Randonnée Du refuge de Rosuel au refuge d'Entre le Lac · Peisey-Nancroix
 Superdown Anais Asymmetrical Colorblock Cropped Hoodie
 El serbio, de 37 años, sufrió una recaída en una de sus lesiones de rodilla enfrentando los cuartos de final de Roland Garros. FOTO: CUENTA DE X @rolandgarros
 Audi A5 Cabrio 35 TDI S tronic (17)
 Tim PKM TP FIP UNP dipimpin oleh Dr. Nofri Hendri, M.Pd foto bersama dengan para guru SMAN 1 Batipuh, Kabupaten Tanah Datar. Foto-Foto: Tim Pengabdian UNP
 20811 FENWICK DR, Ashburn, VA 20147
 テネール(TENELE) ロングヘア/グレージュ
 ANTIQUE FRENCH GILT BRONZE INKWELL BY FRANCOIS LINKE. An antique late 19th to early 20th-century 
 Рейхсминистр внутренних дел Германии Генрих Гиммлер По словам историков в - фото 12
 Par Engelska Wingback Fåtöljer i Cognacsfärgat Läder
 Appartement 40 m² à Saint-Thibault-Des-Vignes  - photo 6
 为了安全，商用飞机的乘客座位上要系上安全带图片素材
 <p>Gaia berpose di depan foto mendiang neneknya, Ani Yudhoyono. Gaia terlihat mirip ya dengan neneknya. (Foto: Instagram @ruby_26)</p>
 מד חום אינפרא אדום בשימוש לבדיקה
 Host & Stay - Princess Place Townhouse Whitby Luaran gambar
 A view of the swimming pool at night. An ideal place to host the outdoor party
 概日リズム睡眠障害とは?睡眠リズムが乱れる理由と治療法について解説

══════

:: WORK TO BE COMPLETED ::
Using the material above, please reproduce each line exactly.

:: RESPONSE TO THE EXERCISE ::
Randonnée Du refuge de Rosuel au refuge d'Entre le Lac · Peisey-Nancroix
 Superdown Anais Asymmetrical Colorblock Cropped Hoodie
 El serbio, de 37 años, sufrió una recaída en una de sus lesiones de rodilla enfrentando los cuartos de final de Roland Garros. FOTO: CUENTA DE X @rolandgarros
 Audi A5 Cabrio 35 TDI S tronic (17)
 Tim PKM TP FIP UNP dipimpin oleh Dr. Nofri Hendri, M.Pd foto bersama dengan para guru SMAN 1 Batipuh, Kabupaten Tanah Datar. Foto-Foto: Tim Pengabdian UNP
 20811 FENWICK DR, Ashburn, VA 20147
 テネール(TENELE) ロングヘア/グレージュ
 ANTIQUE FRENCH GILT BRONZE INKWELL BY FRANCOIS LINKE. An antique late 19th to early 20th-century 
 Рейхсминистр внутренних дел Германии Генрих Гиммлер По словам историков в - фото 12
 Par Engelska Wingback Fåtöljer i Cognacsfärgat Läder
 Appartement 40 m² à Saint-Thibault-Des-Vignes  - photo 6
 为了安全，商用飞机的乘客座位上要系上安全带图片素材
 <p>Gaia berpose di depan foto mendiang neneknya, Ani Yudhoyono. Gaia terlihat mirip ya dengan neneknya. (Foto: Instagram @ruby_26)</p>
 מד חום אינפרא אדום בשימוש לבדיקה
 Host & Stay - Princess Place Townhouse Whitby Luaran gambar
 A view of the swimming pool at night. An ideal place to host the outdoor party
 概日リズム睡眠障害とは?睡眠リズムが乱れる理由と治療法について解説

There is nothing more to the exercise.